REQUIRED WORK:
Below, locate the line that contains "Authentic Patron St". Repeat exactly from that line to the line that contains "Goldplattierte Silberohrringe mit", inclusive, leaving out the pictures.

LISTED ENTRIES:
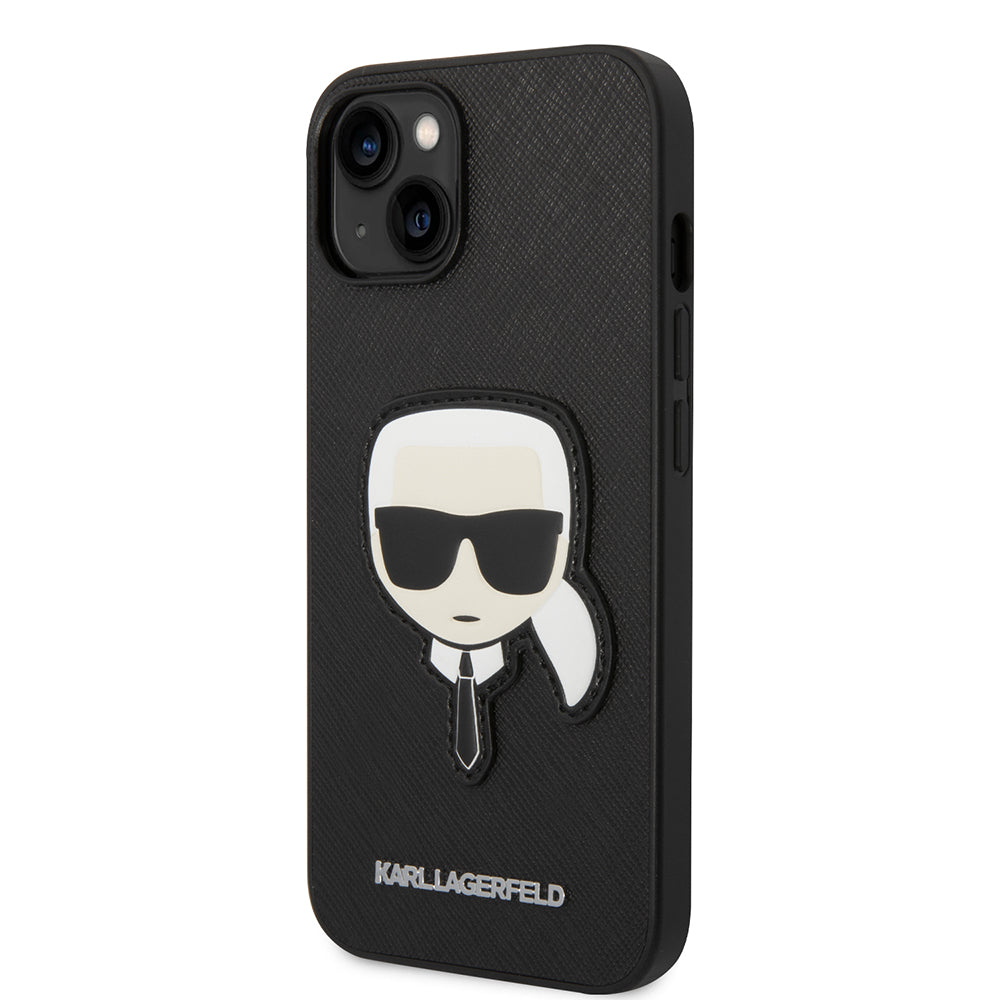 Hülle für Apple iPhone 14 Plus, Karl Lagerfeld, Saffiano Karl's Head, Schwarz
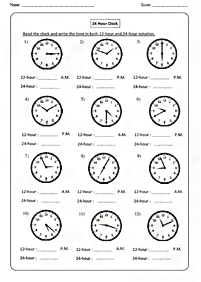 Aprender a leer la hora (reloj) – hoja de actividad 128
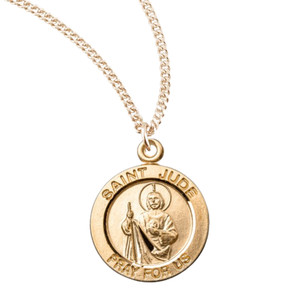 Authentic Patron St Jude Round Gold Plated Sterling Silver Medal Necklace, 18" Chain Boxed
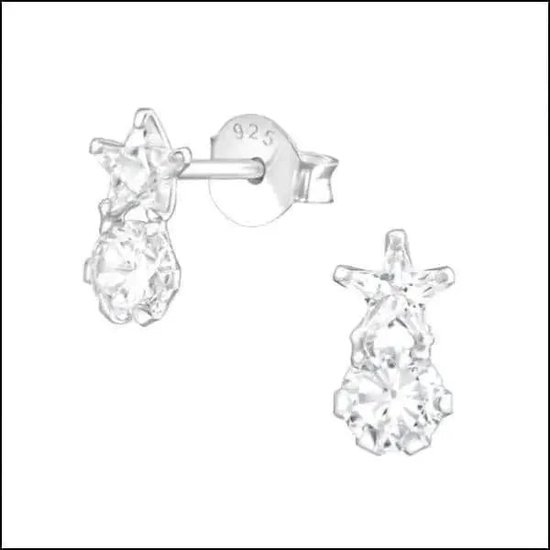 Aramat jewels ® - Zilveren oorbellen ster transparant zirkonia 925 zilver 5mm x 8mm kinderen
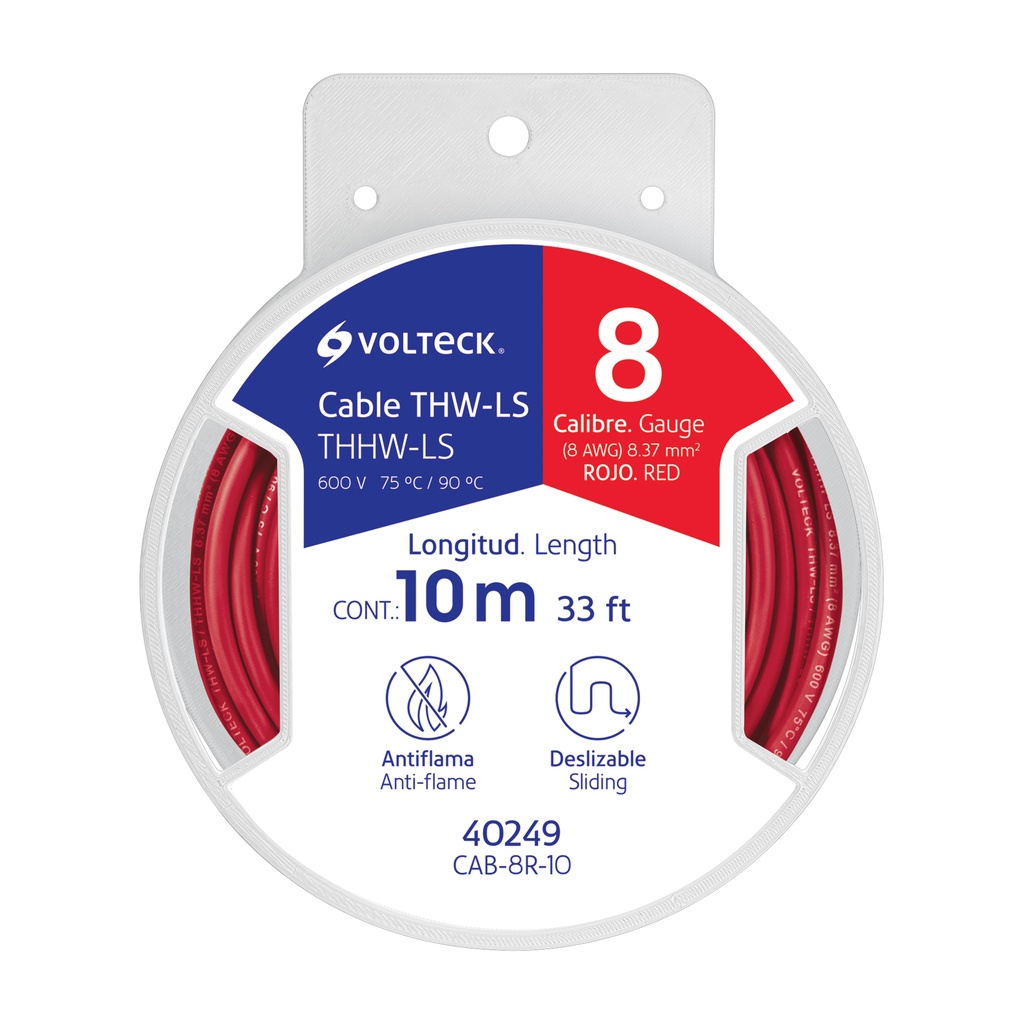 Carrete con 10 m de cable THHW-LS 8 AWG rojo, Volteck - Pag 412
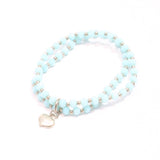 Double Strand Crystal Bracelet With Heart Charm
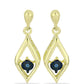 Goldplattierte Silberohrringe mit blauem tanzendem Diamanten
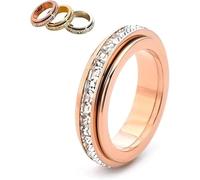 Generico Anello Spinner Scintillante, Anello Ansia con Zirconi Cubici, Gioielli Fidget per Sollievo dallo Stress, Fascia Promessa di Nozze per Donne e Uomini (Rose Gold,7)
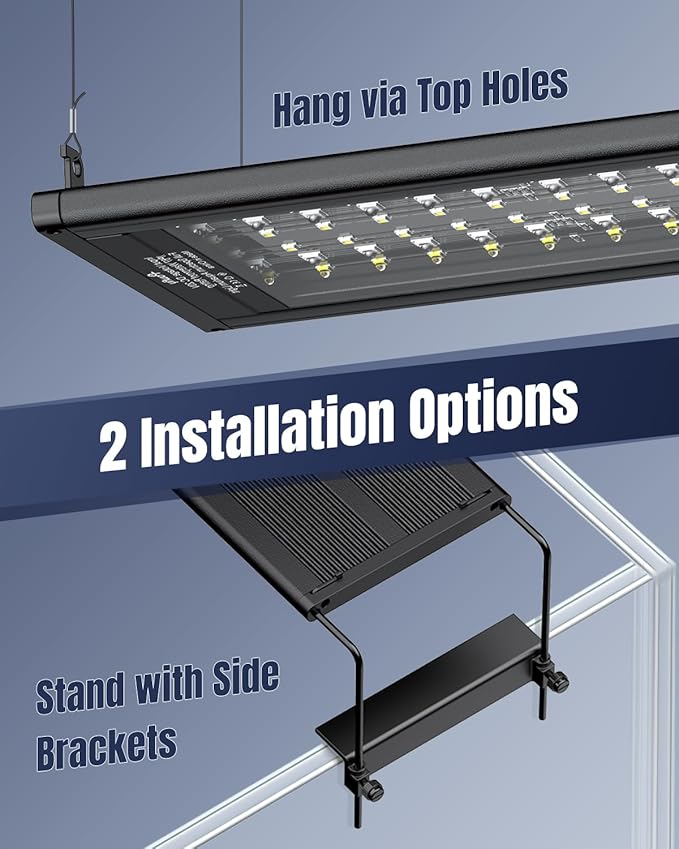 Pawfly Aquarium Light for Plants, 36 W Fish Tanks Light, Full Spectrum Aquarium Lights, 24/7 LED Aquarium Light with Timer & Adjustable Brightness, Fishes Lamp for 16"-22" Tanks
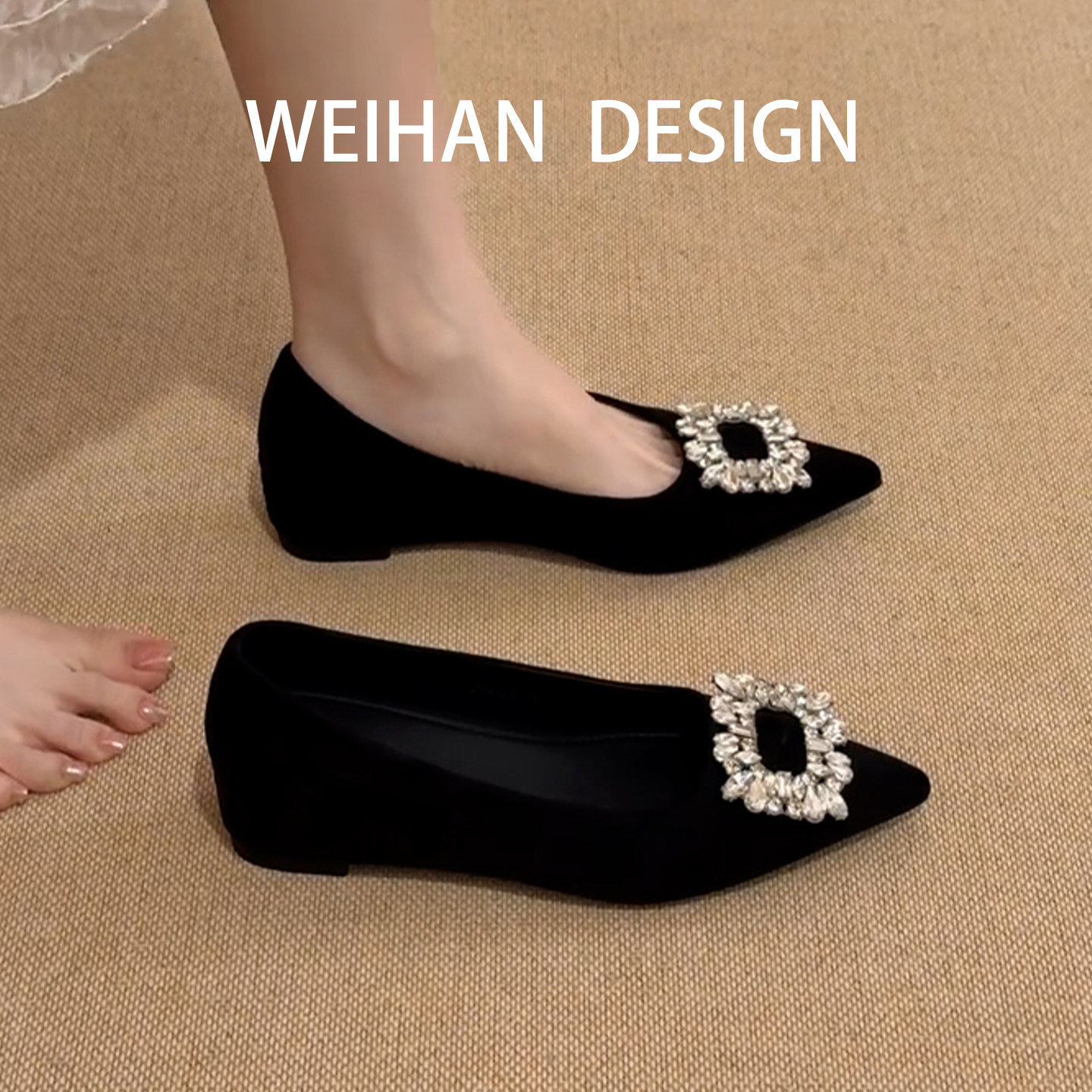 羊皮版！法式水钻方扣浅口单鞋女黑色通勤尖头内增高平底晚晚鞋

---

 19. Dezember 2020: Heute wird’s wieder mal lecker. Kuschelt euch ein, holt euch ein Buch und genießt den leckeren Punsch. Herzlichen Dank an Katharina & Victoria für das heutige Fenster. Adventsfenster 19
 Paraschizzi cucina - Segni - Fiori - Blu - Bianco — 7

SOLUTION TO THIS EXERCISE:
 Authentic Patron St Jude Round Gold Plated Sterling Silver Medal Necklace, 18" Chain Boxed
 Aramat jewels ® - Zilveren oorbellen ster transparant zirkonia 925 zilver 5mm x 8mm kinderen
 Carrete con 10 m de cable THHW-LS 8 AWG rojo, Volteck - Pag 412
 Double Strand Crystal Bracelet With Heart Charm
 Goldplattierte Silberohrringe mit blauem tanzendem Diamanten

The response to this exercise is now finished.